Copyright 2012 New Hamilton
All rights reserved. No part of this book may be reproduced or transmitted in any form or by any means without the express written permission of the publisher.
ISBN-13: 978-0615723082
ISBN-10: 061572308X
www.NewHamilton.com
Modeling the
Agile Data Warehouse
with Data Vault
Hans Hultgren
Forward
Art. Design. Creativity.
Interesting three words to begin a book about a data modeling approach. These words speak to a creative process as though targeting artists or designers. And in fact this is true. The process of designing a data warehouse or creating a data model is more art than science. Those of us working with the data vault today are designers, architects and modelers tasked with creating new and innovative models and patterns.
Agility. Clarity. Harmony.
These words speak to current day business objectives. They encapsulate a state we wish to obtain as an organization. A state that requires improved business processes and a common understanding of the organizations integrated data. These are the goals of our enterprise data warehouse; agility to absorb new data sources and respond to changes in the business, clarity concerning the origin and transformation of data, and harmony concerning the meaning and context of the corporate data asset.
Integration. Flexibility. Alignment.
The data warehouse should provide for the integration of data from disparate sources over time. At the same time it should provide the flexibility to adapt to new sources and new downstream demands quickly and easily. In addition, it should be aligned with core business concepts as defined and governed by the organization. Where business concepts do not fully align, the data warehouse needs to present the anomalies and reconcile the differences. The Data Vault modeling approach is today an important component for meeting these goals.
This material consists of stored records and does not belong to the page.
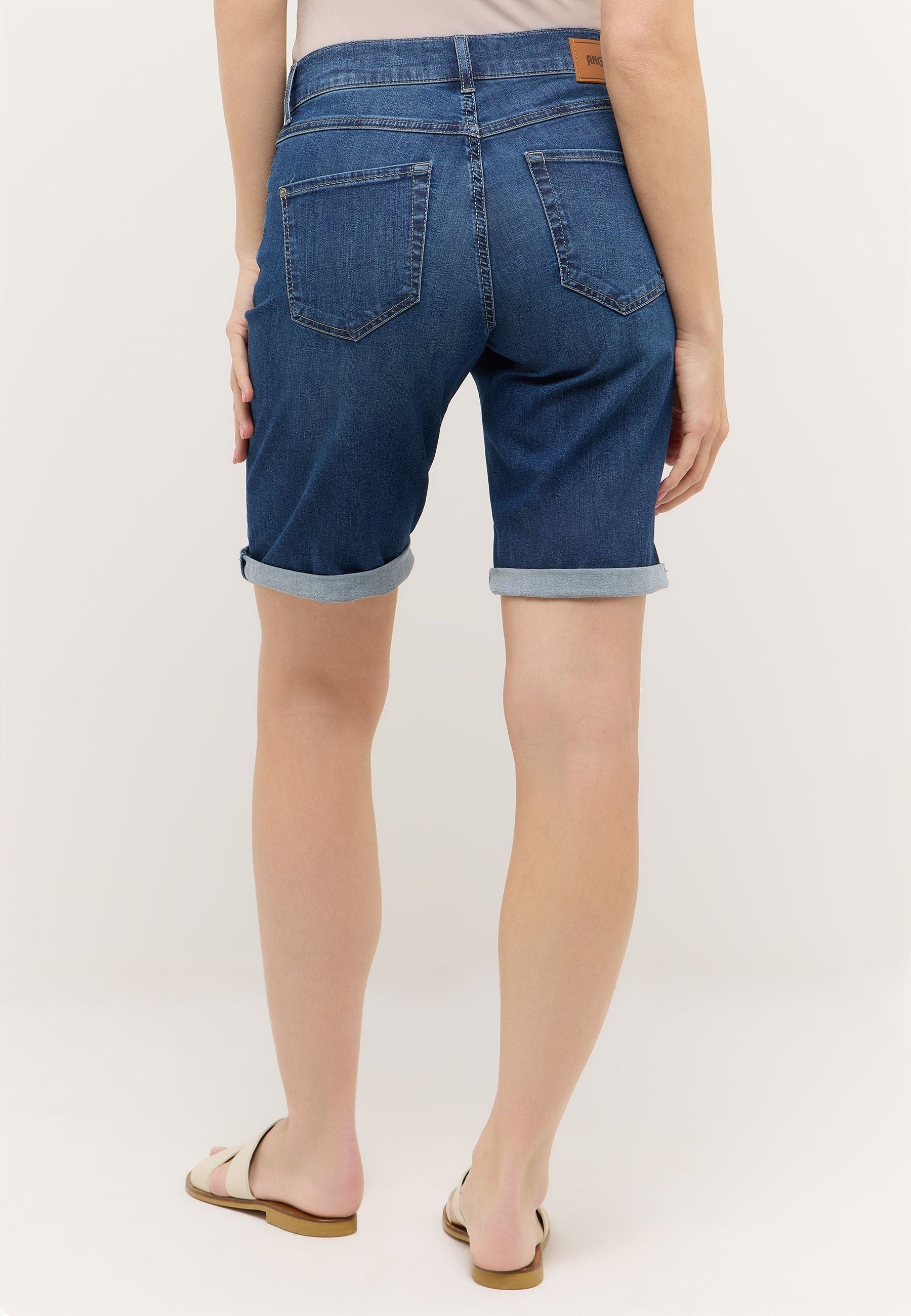 Bermudashorts TURN UP Straight Fit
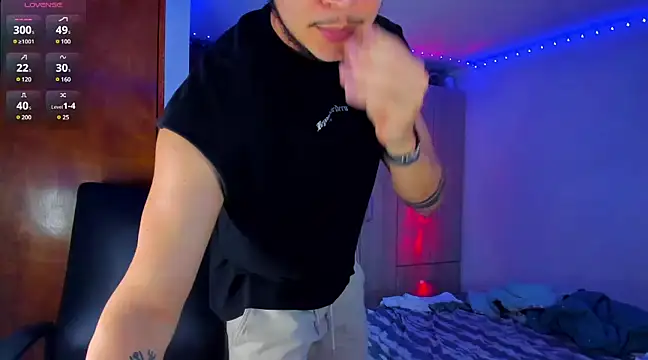 Snapshot of austinoficial chatting on 03/16/25, 02:10 austinoficial online show from 03/16/25, 02:10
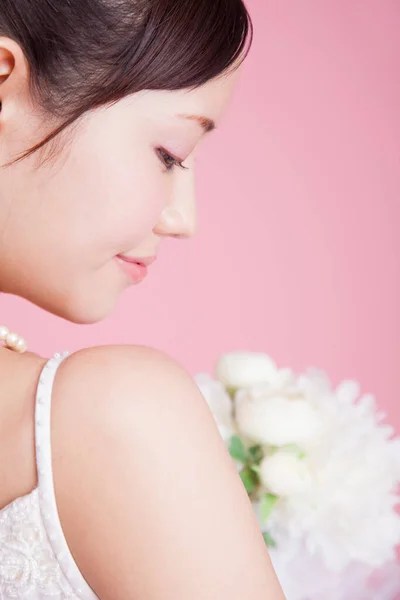Belle Asiatique Mariée Posant Sur Fond Rose — Photo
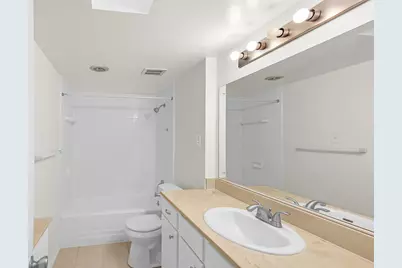 800 Post Oak Boulevard #31, Houston, TX 77056 - Photo 13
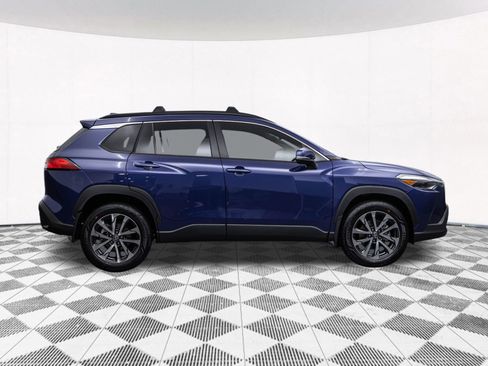 Used 2024 Toyota Corolla Cross XLE image 12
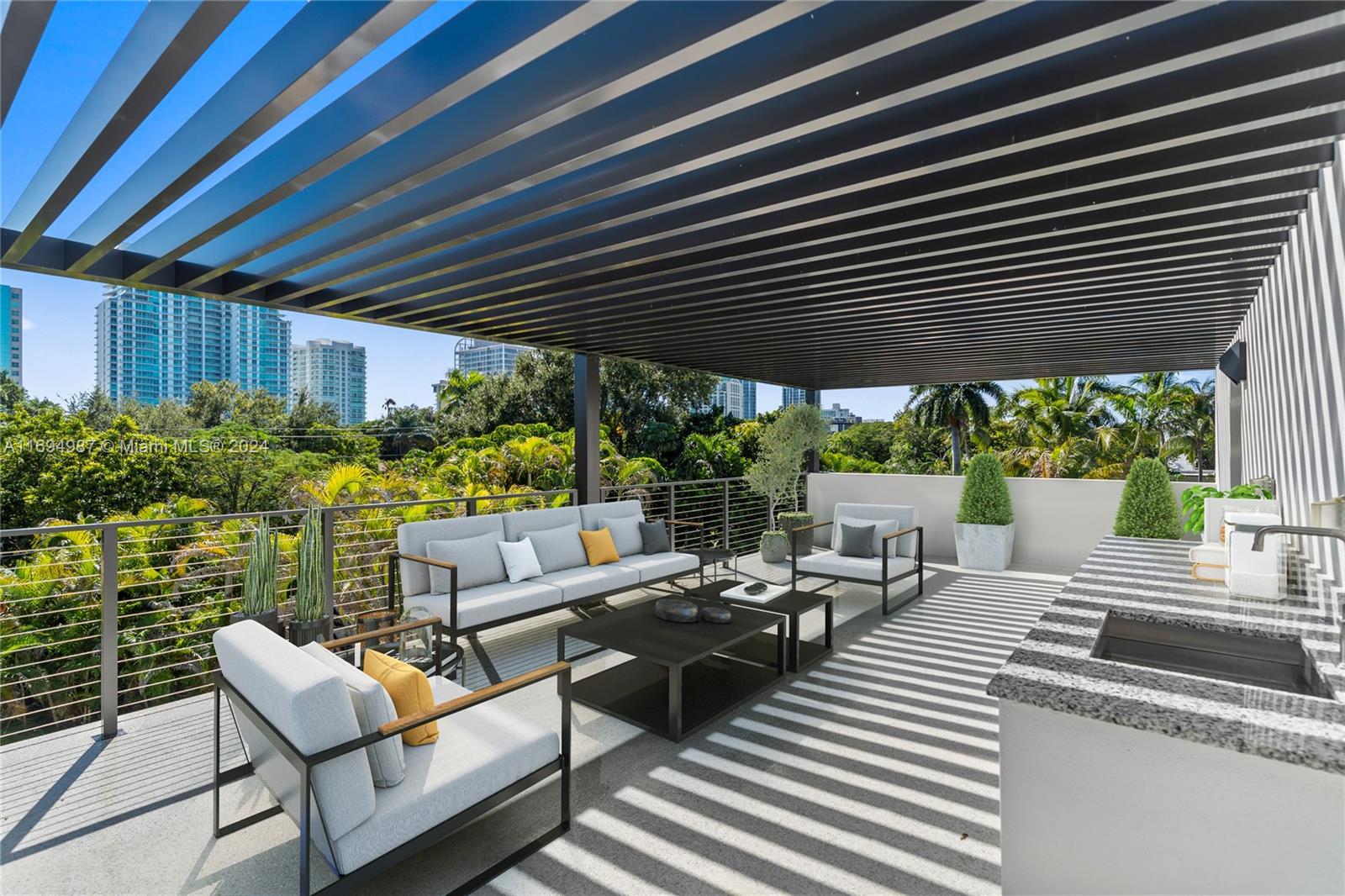 3026 Aviation Ave # 2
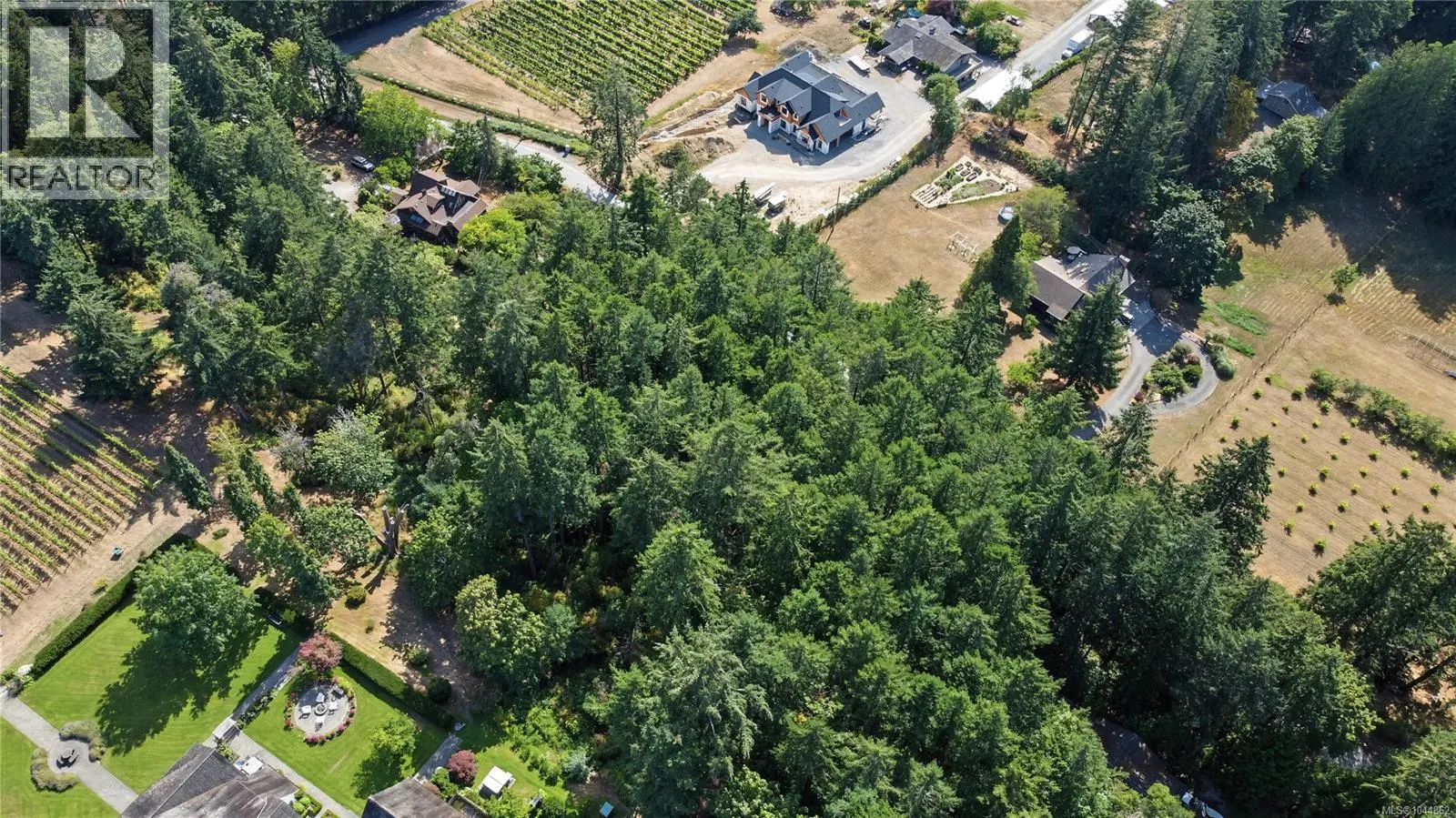 Photo 2 of 26 at 6147 Old West Saanich Road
The preceding points represent a high level theme for this book. We seek to address what we do, why we do it and then consider how we should do it. This book will carry forward these concepts while presenting data vault modeling principles applied to the modern data warehouse.
The modern data warehouse is as much of a theme in this book as data modeling. Today's enterprise data warehouse is defined by several factors that have helped us to build better data warehouse solutions for the organization. Data vault modeling represents one of these factors. Note that data vault modeling is by no means a revolutionary concept. A paradigm shift in many ways, but the concepts are definitely evolutionary. Our thoughts about modeling the data warehouse have evolved as part of the evolution of data warehousing in general. We also expect that data warehousing will continue to evolve into the foreseeable future. Where some of these changes are already on the horizon, this book will discuss them. There are several of these covered in the book including, but not limited to, the introduction of Unified Decomposition, Ensemble Modeling, and Concept Constellations.
The audience for this book includes anyone in the organization concerned with leveraging corporate data. As such, this book targets a broad audience that includes both business and technical professionals. Specifically included are business unit managers, business analysts, business intelligence professionals, data warehouse designers, information modelers, data architects, data modelers, and data integration professionals.
About the Author
Hans Hultgren is an entrepreneur, educator, advisor and independent analyst by career; a designer, modeler and architect by profession. He has started several companies, worked in academia for the better part of 20 years, served as an advisor to several dozen organizations concerning business development and data warehousing matters, and is an active analyst in the business intelligence space.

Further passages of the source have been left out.